When you uncover Russia's environmental devastation, especially if it's the military that's polluting, you risk being branded a spy and a traitor. Scientists, environmentalists, and journalists face prison.


By Fred Weir


Fred Weir is based in Moscow and writes for the Christian Science Monitor and other newspapers and magazines. This article is the work of the author and does not represent AI policy.


MOSCOW — The two years since President Vladimir Putin arrived in the Kremlin have been a time of deeply conflicting signals. On one hand, the world has seen a young, educated and dynamic leader pledge to modernize Russia, and particularly to bring its law enforcement and judicial practices into line with international legal norms. On the other, the new president has apparently stood by while his ex-colleagues in Russia's FSB security service — the domestic wing of the former KGB — launched a series of dubious espionage cases against environmentalists, scientists, and journalists.

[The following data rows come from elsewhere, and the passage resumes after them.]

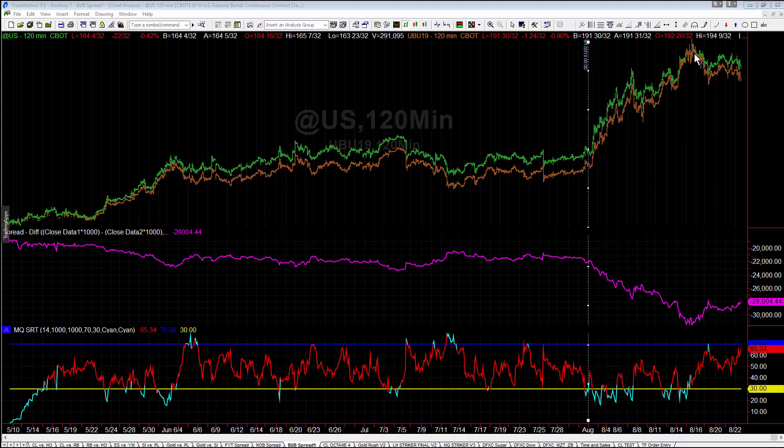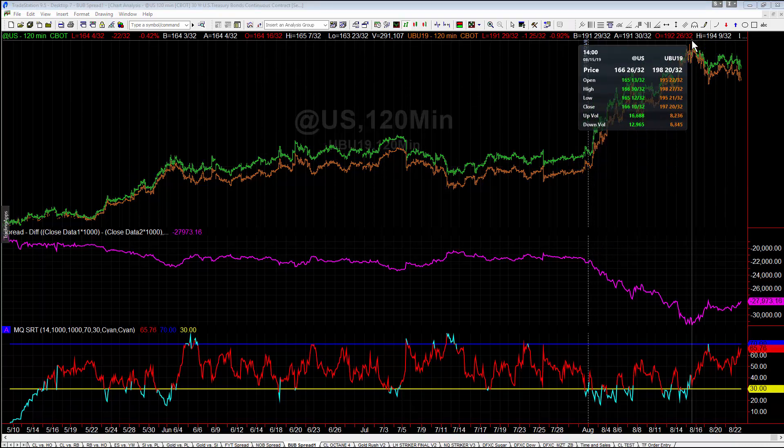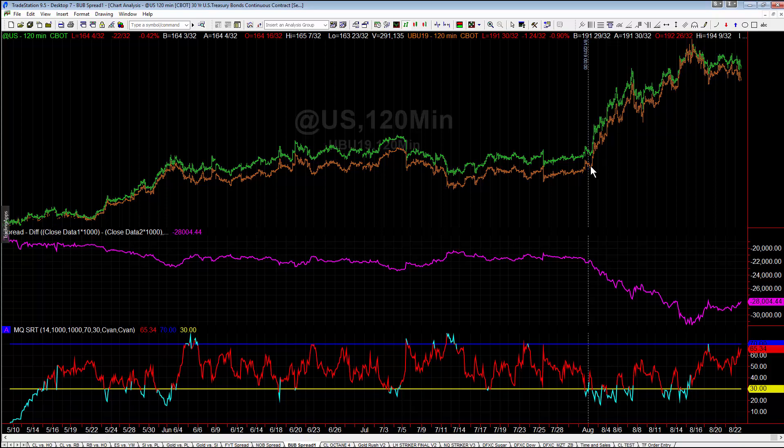Bonds themselves moved about $10,000 or so. The ultra bond moved from around 77 to 95, so actually an open-to-high move of almost $18,000. But the bub spread only moved about $8,000 — less than half of that. So you decreased your volatility drastically because you were in a hedge position, but it also allowed you to ride out some of these big swings without seeing all of your profits just evaporate overnight, and you were in a hedged position the whole time.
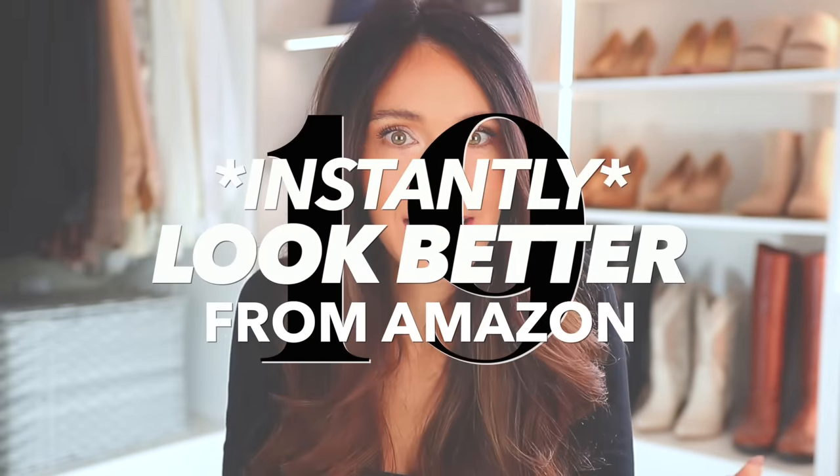These are clever Amazon items that will instantly make you look better — instant gratification with very little effort. Everything will be linked down below in the description box and pinned in the comment section. I think I'm just gonna go in the order in which you would get ready.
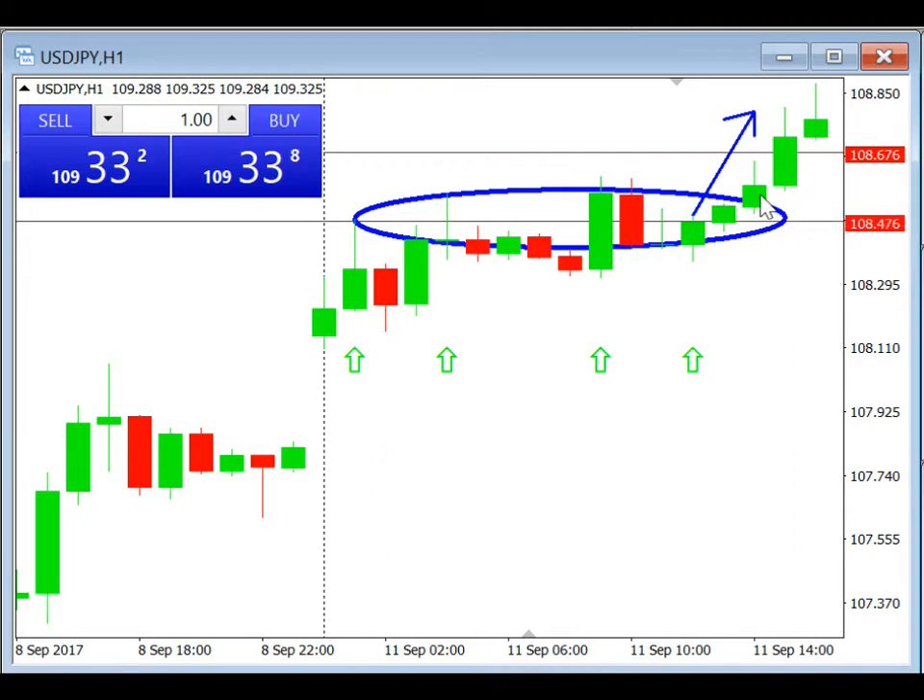So this is today's trade review for daily breakout. I hope you guys continue to practice this technique and get confident in it. That's all for today and I'll see you in the next video. Bye.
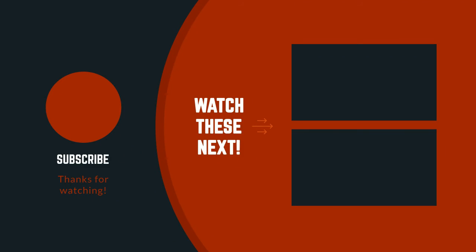Thanks for watching the video. I hope you like this video. If you have any questions related to these products, you can leave a comment down below and I will get back to you as soon as possible.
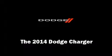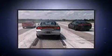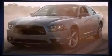Come test drive this 2014 Dodge Charger. This four-door, five-passenger sedan leads among competitors in its segment. It features an automatic transmission, rear-wheel drive, and a refined six-cylinder engine.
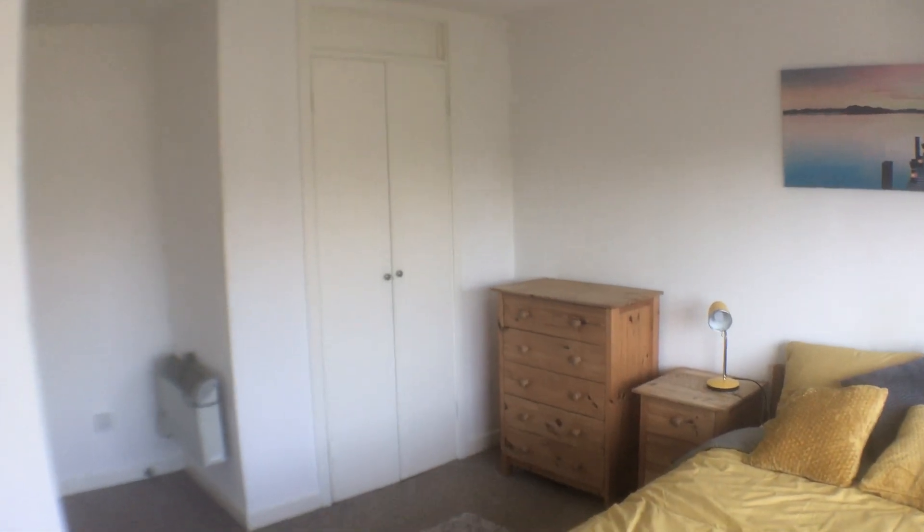Over there is the built-in walk-in wardrobe. In the walk-in wardrobe we've got a shelf with storage on that side, lots of storage, and more storage shelves on this side as well. So that's room one — I hope you like it. If you're interested and you'd like a viewing or any more information, please do not hesitate to get in touch with me. I look forward to speaking to you soon, thanks for watching, bye bye!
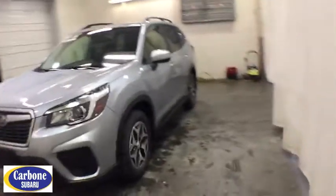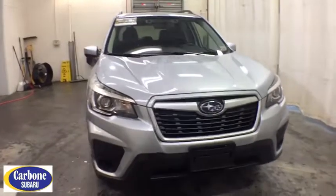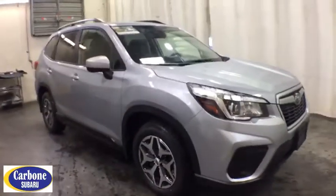Come test drive the 2019 Subaru Forester. The Subaru Forester is a sensible, practical, and affordable vehicle. It has an impressive, comfortable ride and handles well. Here are some of this vehicle's great options.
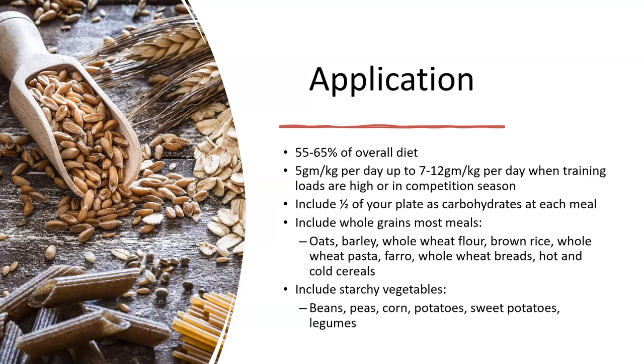As an example, a 15-year-old weighing 99 pounds playing soccer every day would need about 450 grams of carbs per day. An 18-year-old male weighing about 150 pounds who is incredibly active could need as high as 800 grams of carbohydrates a day. We want to include half of your plate as carbohydrates at each meal. Whole grains should be included at most meals — quality complex carbohydrates like oats, barley, whole wheat flour, brown rice, whole wheat pasta, farro, whole wheat bread, and hot and cold cereals. You also want to include starchy vegetables such as beans, peas, corn, and potatoes, which also count toward that half-plate of carbohydrates.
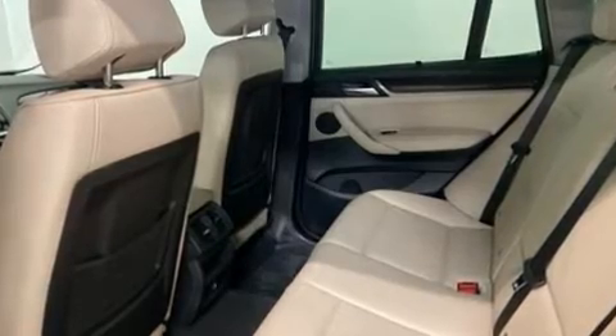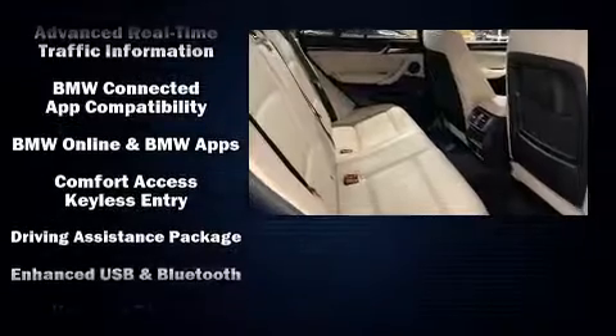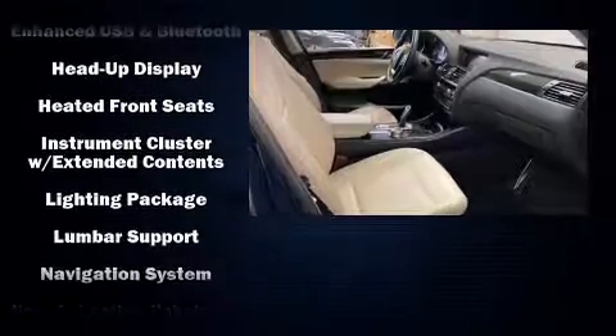The unique heads-up display projects vehicle information onto the windshield, including speed, gear selection, and engine speed. Drivers benefit by not having to take their eyes off the road.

Greenpeace activists take a reading as a Russian ship dumps radioactive waste in the Sea of Japan. © Greenpeace

These prosecutions seem calculated to undermine the Kremlin's stated democratic goals. While spies undoubtedly exist, and it is the job of security agencies to catch them, the wave of treason trials in Russia increasingly looks like a Soviet-style official campaign to intimidate critics, chill whistleblowers, and harshly discourage intellectuals from making normal contacts with their foreign counterparts.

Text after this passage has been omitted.